Холмс взял шкатулку, но не сводил взгляда с женщины, которая встала и грациозно направилась к выходу. Он последовал за ней и открыл ей дверь.
— Встреча с вами для меня была честью, — сказала она, когда он прикоснулся к ее руке.
— То же самое я могу сказать и о себе, мадам. Надеюсь, вы еще доставите мне удовольствие видеть вас снова.
— Возможно. Если мы оба будем в одном и том же месте в одно и то же время.
Она взглянула на меня.
— Доктор, спасибо вам за ваши рассказы.
Холмс тихо закрыл за ней дверь. Потом провел пальцами по прелестной стеклянной шкатулке, поднес ее к свету и внимательно осмотрел филигранную вязь на красной поверхности. Узорчатая надпись, сверкая отраженными лучами, гласила: ОТКРОЙ МЕНЯ.
Затем последовала долгая тишина. Что же произошло между Холмсом и этой женщиной?
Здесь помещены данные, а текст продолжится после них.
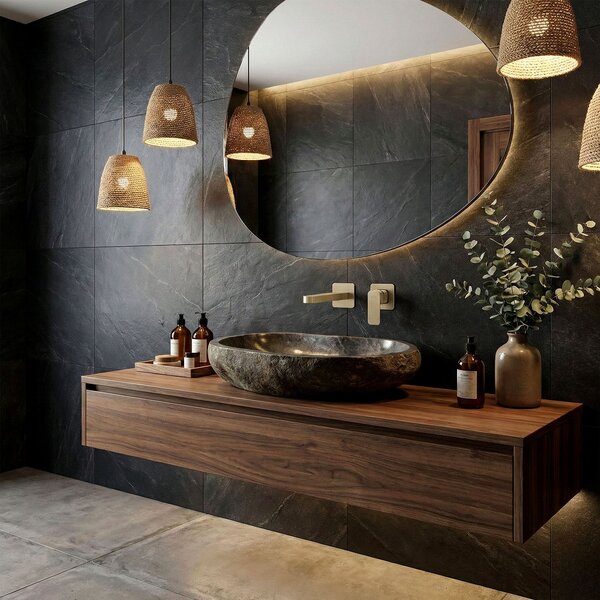 Wall Mounted faucet REA Arlo Brush Gold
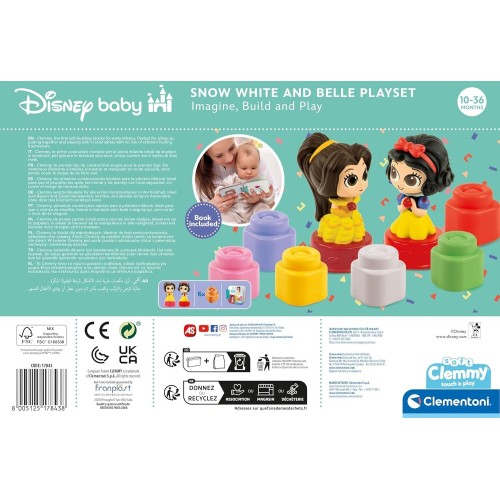 Clementoni Soft Clemmy Disney Princess Playset - Soft Building Blocks 1033-17843 8005125178438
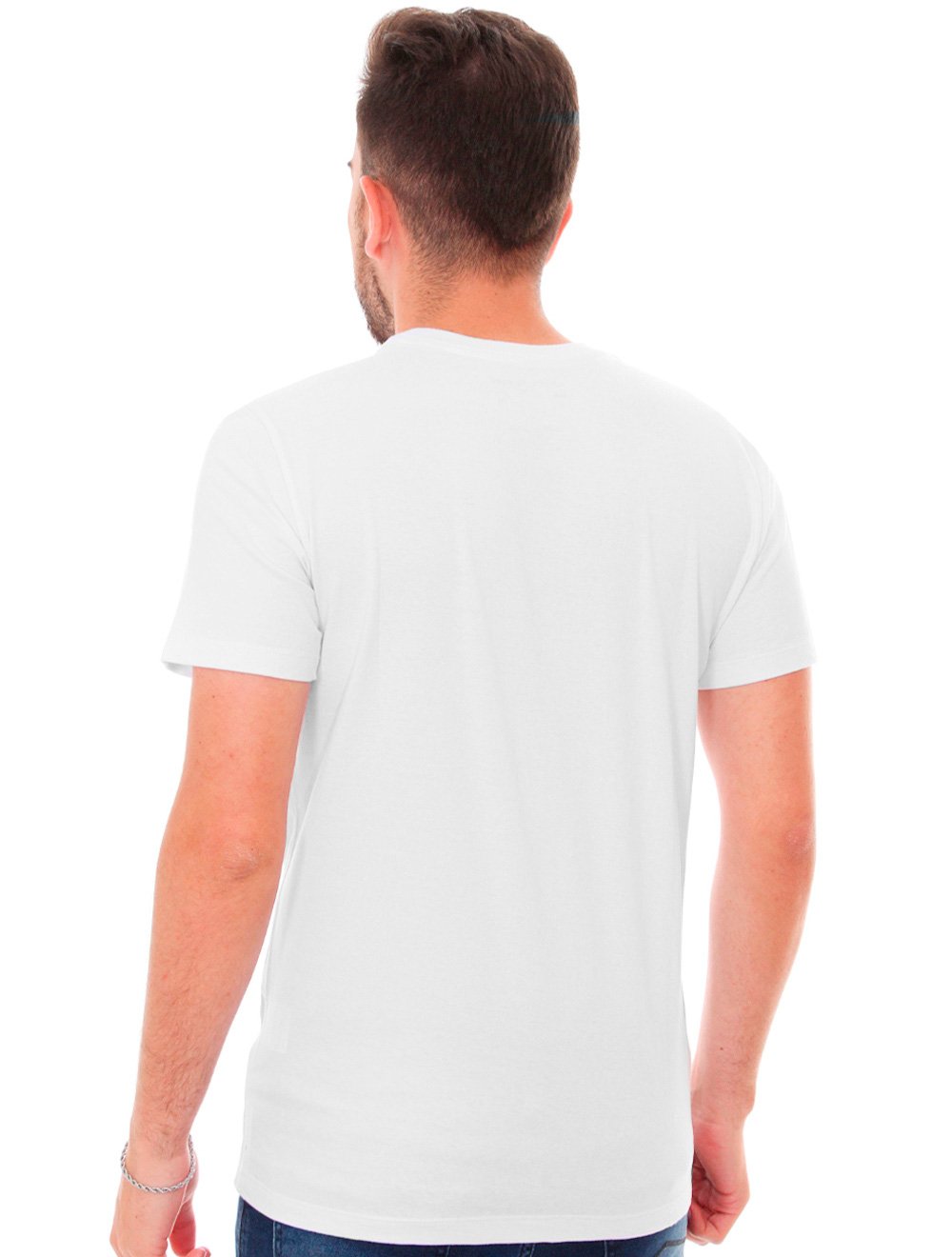 Camiseta Calvin Klein Jeans Masculina NY Peace Branca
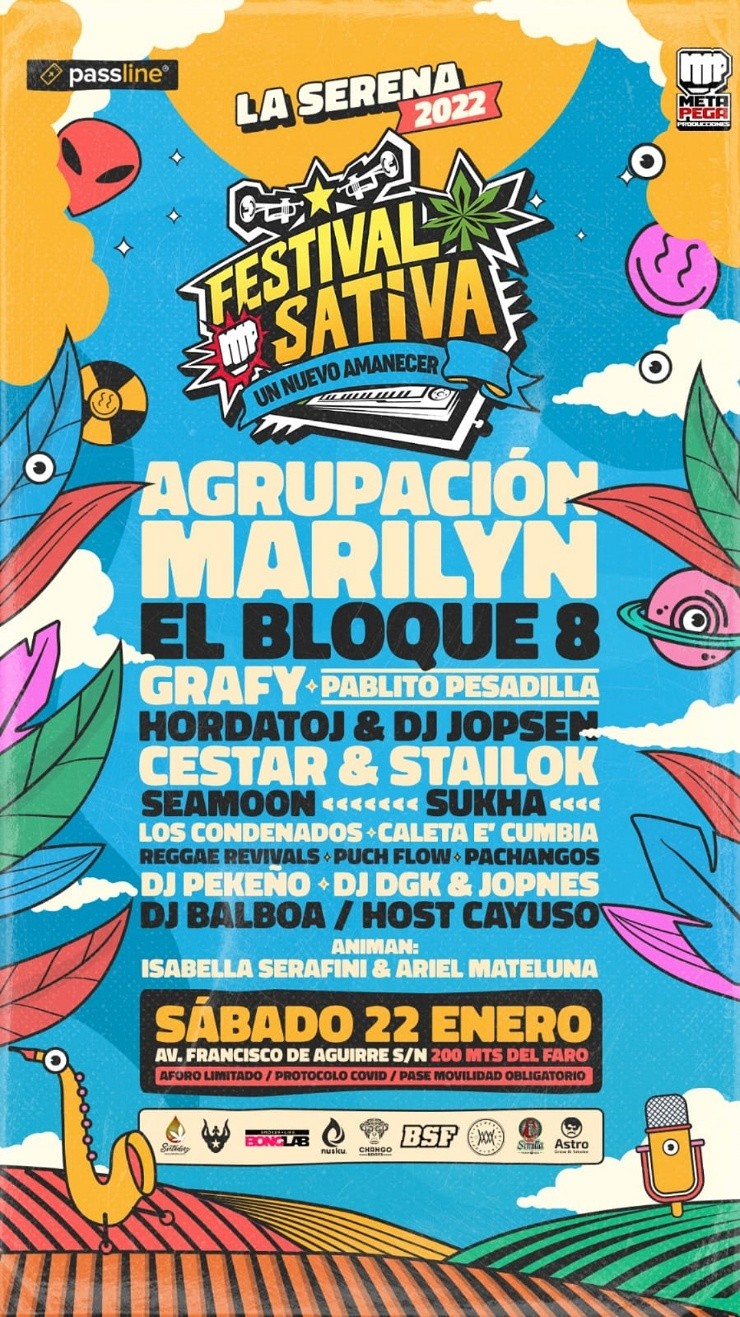 La cartelera de una nueva edición del Festival Sativa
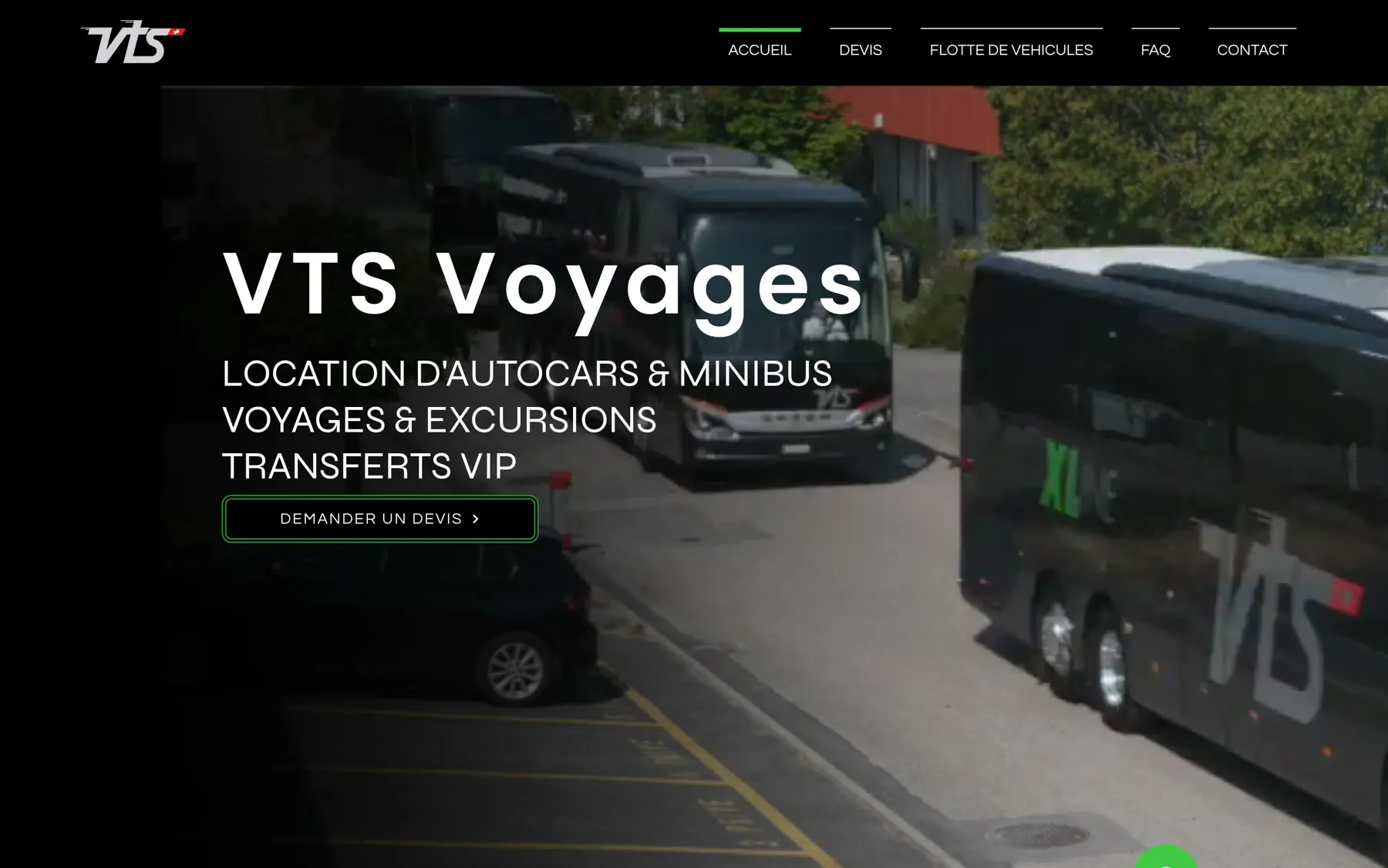 VTS Voyages website
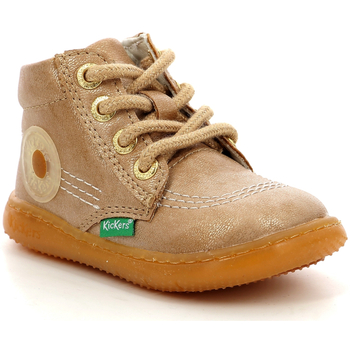 Schuhe Kinder Boots Kickers Kickbubbly Beige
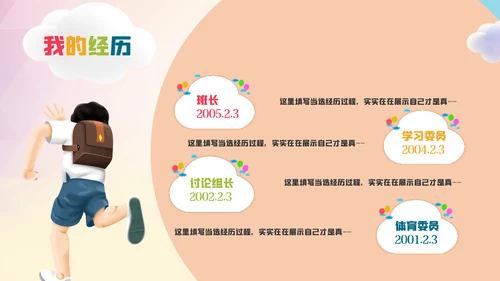 小学生大队委竞选自我介绍班干部竞选PPT
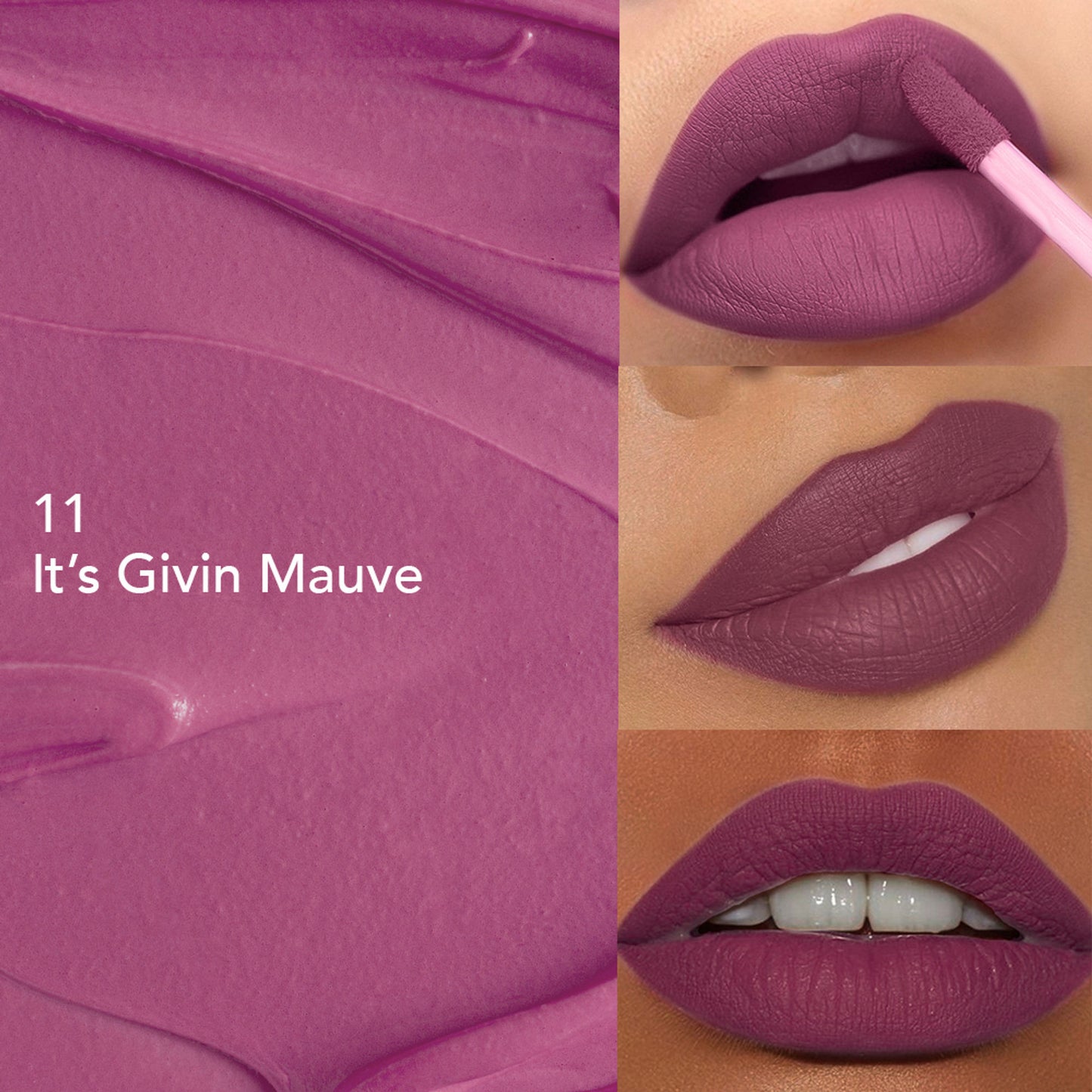 GLAM21 Mattitude Liquid Matte Lipstick - It'S Givin Mauve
Он что-то скрывал от меня, а я не собирался и дальше стоять в полном недоумении.
— Черт возьми, Холмс! Кто она? Что же, ради всего святого, вы делаете? Откройте шкатулку.
Он посмотрел на меня таким взглядом, какого я не помнил с момента его возвращения.
— Во-первых, мой дорогой Уотсон, я должен попросить вас передать мне «Таймс». Я подозреваю, что там написано то, о чем не посмела сказать наша гостья. К сожалению, я очень хорошо догадываюсь, что это может быть.
Я протянул ему газету. Он положил шкатулку на стол и стал поспешно листать страницы, позволяя им падать на пол, словно листья, пока наконец не нашел то, что искал. С его плеч словно свалился тяжелый груз и он опустился в свое кресло.
— Что это, Холмс? — спросил я.
Он передал мне страницу. Среди статей о суданской кампании, индийских финансах и ситуации на Кубе с правой стороны посередине выделялась узкая колонка, обведенная черной рамкой.
С прискорбием мы извещаем о смерти преподобного Чарльза Лютвиджа Доджсона, более известного как Льюис Кэрролл, знаменитого автора «Алисы в стране чудес» и других книг, написанных с изысканным юмором. Он скончался вчера в Честнате, поместье своих сестер, расположенном в Гилфорде, на 64 году жизни…
Когда я закончил чтение и повернулся к Холмсу, то увидел, как он вставляет крошечный стеклянный ключик в отверстие шкатулки. Осторожно повернув его, он открыл и приподнял крышку. Внутри лежала канцелярская бумага, которую он вынул и прочел в молчании. Лицо его при этом отразило тени каких-то воспоминаний. Потом он разжал пальцы и листок бумаги тихо устремился к полу. Я подхватил его на лету.